Written by Huma Siddiqui | Timsy Jaipuria | New Delhi | Updated: Jun 14 2014, 09:34am hrs
Road blockA plan would be prepared to deal with 14-15 contracts that have been foreclosed with mutual consent.
The defence and road ministries are close to an agreement for speedy transfer of land parcels currently with the three armed forces to the National Highways Authority of India (NHAI) so that a host of large highway projects can take off. Some of these projects have been stuck for want of defence ministry clearances (for land transfer) for up to five years, taking a toll on highway construction, which is also reeling from the hit taken from the economic slowdown and low investor interest.


According to official sources, minister for road transport and highways Nitin Gadkari has had talks with the the defence ministry on the issue, and the latter has responded favourably, given Modis thrust on removing impediments for infrastructure projects.

Many project proposals have been pending with local army authorities while, in some cases, clearances from the navy and air force are awaited. Talks are on with defence ministry and we are likely to get these clearances soon, a senior official said.

The Jammu-Udhampur project, for instance, is pending with the local army authority. Similarly, in the case of the Deoli-Kota section, defence clearance has been delayed by almost three years.
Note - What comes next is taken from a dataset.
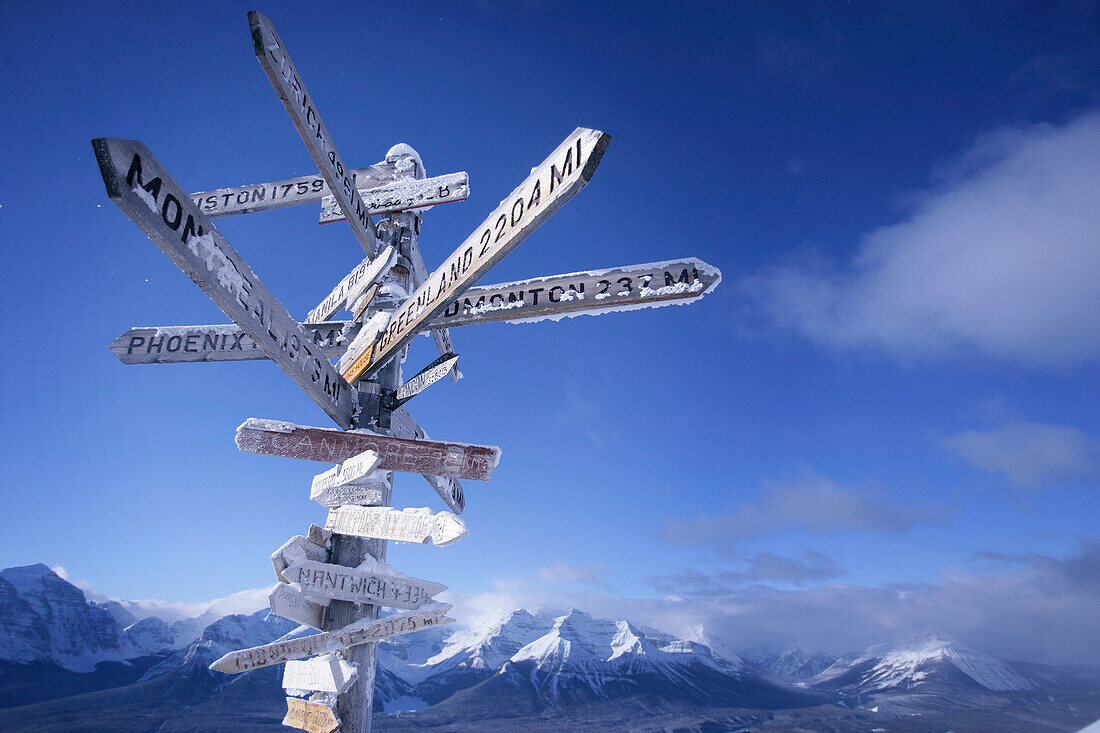 Sign post with distance plates, ski resort, lake louise, Alberta, Canada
The Hyderabad-Bangalore stretch has been delayed for five years, with both army and air force clearances pending. In the case of the Hyderabad-Bangalore stretch, a draft MoU has been drafted and the army has informed NHAI that land of equal value (as the one to be transferred to NHAI) may be soon identified in coordination with the state government for transfer to defence authorities, the official said.

The move comes in the wake of Gadkari's mandate for NHAI to prioritise completion of over two dozen identified projects. To fast-track decision-making, the minister had also agreed, in principle, to empower the NHAI board appropriately, tweak the contract conditions or have in place a new contract agreement. These steps, it is believed, would leave little scope for arbitration and legal hassles.

The official added that NHAI would soon take up the issue of pending clearances and land availability with other ministries, including those of environment and railways, in the next few days.

"The sector is witnessing slow pace of growth due to delays in clearances and it will take some time for private players to start investing again. Thus, before NHAI launches any fresh bid (for public-private partnership projects), there should be all requisite clearances in place. The minister has also endorsed this model, the official added.

A plan would be prepared to deal with 14-15 contracts that have been foreclosed with mutual consent. None of these projects could take off after being awarded due to default on the part of NHAI as well as developers. Officials said Gadkari has asked NHAI to resolve contract disputes so that equity becomes available with developers to take up new projects. This will also lighten the burden on the authority.